── Collected data ──
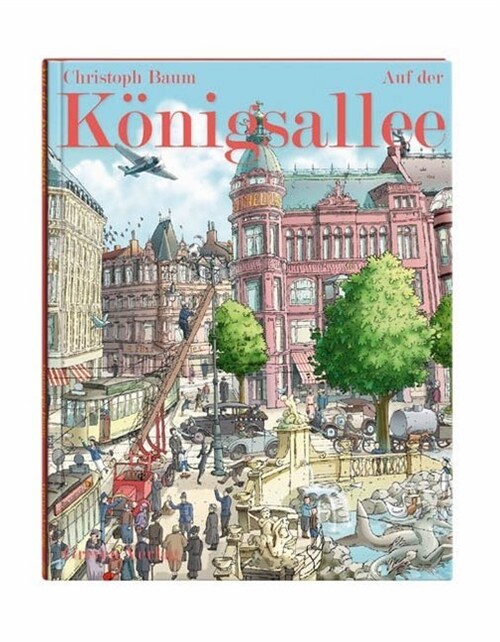 Auf der Konigsallee (Hardcover)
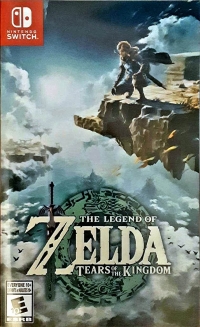 Legend of Zelda, The: Tears of the Kingdom [CA] Box Art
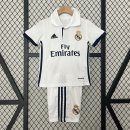 Camiseta Real Madrid Primera Equipación Retro Niño 2016 2017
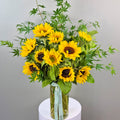 Sunlit Tuscany - 10 Stem Vase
───
_Problem to solve:_ Using the material above, restate word for word the lines from the line that has "Legend of Zelda, The: Tears" to the last line, inclusive, with pictures omitted.

_Answer to this task:_
 Legend of Zelda, The: Tears of the Kingdom [CA] Box Art
 Camiseta Real Madrid Primera Equipación Retro Niño 2016 2017
 Sunlit Tuscany - 10 Stem Vase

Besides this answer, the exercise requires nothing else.